Breath test results, etc. were included within the terms of O.C.G.A. § 17-16-23 and should have been provided to the defendant in a prosecution for driving under the influence. Harmon v. State, 224 Ga. App. 890, 482 S.E.2d 730 (1997); Fantasia v. State, 268 Ga. 512, 491 S.E.2d 318 (1997).
When there was uncontroverted evidence that the defendant was given a copy of breath test results at the time the test was administered, the defendant was not harmed by the failure of the state to provide the results by discovery. Vincent v. State, 228 Ga. App. 691, 492 S.E.2d 604 (1997).
In the absence of a sufficient record, the appellate court would assume that the defendant received all reports regarding blood-alcohol test results to which the defendant was entitled. Self v. State, 232 Ga. App. 735, 503 S.E.2d 625 (1998).
Trial court did not err in failing to exclude evidence of the defendant's breath test results because the state failed to comply with O.C.G.A. § 17-16-23(b), based on the conduct of defense counsel in moving to exclude the documents at trial, after having no objection to the documents at the suppression hearing, and failing to move for a continuance, as counsel's motion to exclude was made as part of a strategy to ambush or trap the state; hence, in view of this conduct and the earlier availability of the documents, the trial court did not abuse the court's discretion in refusing to exclude the test results. Braswell v. State, 281 Ga. App. 500, 636 S.E.2d 689 (2006).

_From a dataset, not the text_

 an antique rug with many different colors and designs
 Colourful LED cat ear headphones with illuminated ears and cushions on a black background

Trial court erred in granting the defendant's motion to suppress a breath test slip from an intoxilyzer and all testimony about the intoxilyzer because the state was not required to produce the breath test slip to the defendant ten days before trial as a part of discovery since the breath test slip did not constitute a written scientific report within the meaning of O.C.G.A. § 17-16-23; no test or analysis was performed because the sample was insufficient, and the breath test slip did not show any test results but reflected only a measurement of breath volume. State v. Tan, 305 Ga. App. 55, 699 S.E.2d 74 (2010).
Printout reflecting an "insufficient sample," and thus no analysis and no result is not subject to discovery under O.C.G.A. § 17-16-23 because if there is no test and no result, there is nothing to discover. State v. Tan, 305 Ga. App. 55, 699 S.E.2d 74 (2010).

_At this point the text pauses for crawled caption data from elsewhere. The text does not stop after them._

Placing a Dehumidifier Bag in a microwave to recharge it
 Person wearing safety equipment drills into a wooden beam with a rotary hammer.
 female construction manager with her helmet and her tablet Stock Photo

State did not violate the state's discovery obligations because the discovery statute only required production of any reports in the possession of the prosecution, and the undisputed evidence in the case was that the intoxilyzer printouts were lost, without any evidence of intentional destruction or bad faith on the part of the state. Jones v. State, 345 Ga. App. 14, 812 S.E.2d 337 (2018).
- Law required exclusion both of a written report and oral testimony regarding a horizontal gaze nystagmus test administered to the defendant since the defendant made a timely written demand for scientific reports and the state redacted the preprinted section of the police report in which the arresting officer hand wrote the results of the test. Rayburn v. State, 234 Ga. App. 482, 506 S.E.2d 876 (1998).
- Printout from a gas chromatograph is a graph or recordation of data and is not a scientific report; therefore, Rayburn v. State, 234 Ga. App. 482, 506 S.E.2d 876 (1998), along with other cases interpreting O.C.G.A. § 17-16-23, do not govern a discovery dispute regarding the printout. Birdsall v. State, 254 Ga. App. 555, 562 S.E.2d 841 (2002).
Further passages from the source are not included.